The time for a strong EU is now
I admit that I am ashamed of how Western Europe is handling the Ukraine issue, just as I am in a constant state of disbelief whenever I watch or browse mainstream media outlets. Also, I am weary of voicing my opinion about the Ukraine war when talking to friends, because my views advocating for a peace deal have now become fringe and I don’t want to be labelled some kind of “Putin apologist”. Indeed, the only German political party that is strongly advocating for a peace deal is the far-right nationalist AfD (just as LePen in France and Orbán in Hungary are). The German Left (Die Linke) is at least for the most part against weapon deliveries but they are currently preoccupied with a #metoo scandal. What a dismal state for our public discourse to be in.

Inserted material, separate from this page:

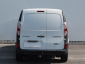Renault Kangoo, 2019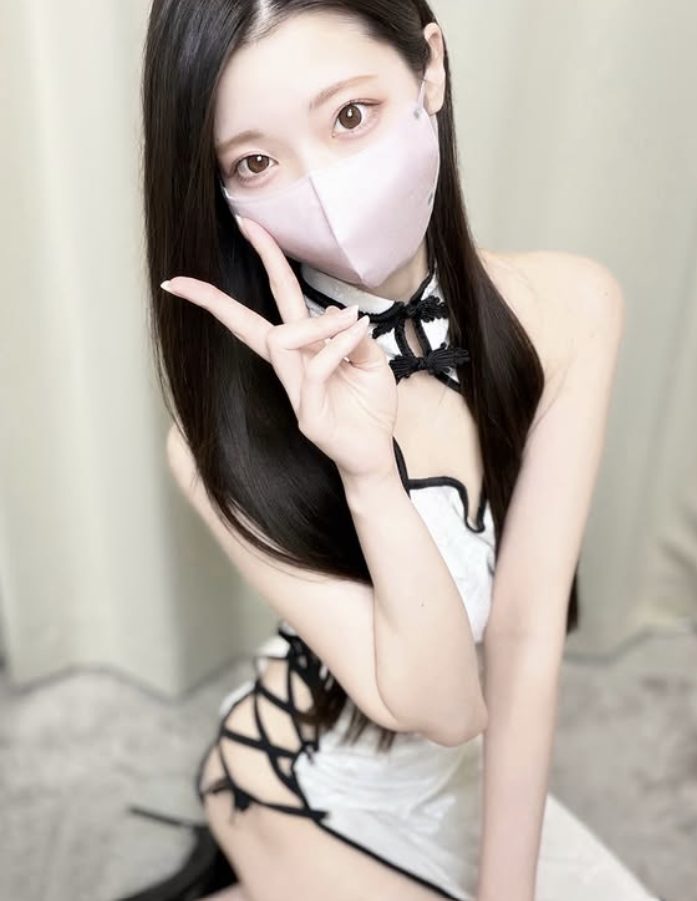 Kanade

Why can’t Europe find its own voice and mediate in the Ukraine conflict so that we may find a way to restore peace, stability and prosperity to our continent? I reject the often voiced concept of a new bipolar world order emerging, leading to a clash between “democracies” and “autocracies”. Rather than being dragged into this new cold war, European leaders must stop acting as mere conduits for US policy and our media must stop echoing the talking points of US media outlets (which currently sums up as “weapons, weapons, weapons”). We should realize that it is the crisis of our own western democracies, the gross social inequality, the degradation of the working and middle class, the failure to modernize our energy infrastructure and address the climate crisis that has caused China and Russia to challenge the West ever more successfully. It follows that we must look inward to address this challenge and I trust Europe to have far better answers than our US partners, whose two-party political system is in deep crisis and its overgrown military industrial complex makes real change hard if not impossible. Indeed even on Ukraine, there were EU initiatives to stabilize the situation: the Minsk Accords, negotiated with German-French mediation (“Normandy format”), of which nobody talks anymore even though they should be the basis of a new peace deal along with a form of neutrality for Ukraine.
So the EU must learn again to think and act as a sovereign entity. Otherwise it will be the EU’s undoing, and with this the end of a dream of European integration I spent my formative years growing up in. Yesterday, it was the 19th anniversary of my country of birth, Hungary, joining the EU. Well, what a day to be alive. It’s not too late yet - let’s begin by negotiating a good peace deal for Ukraine.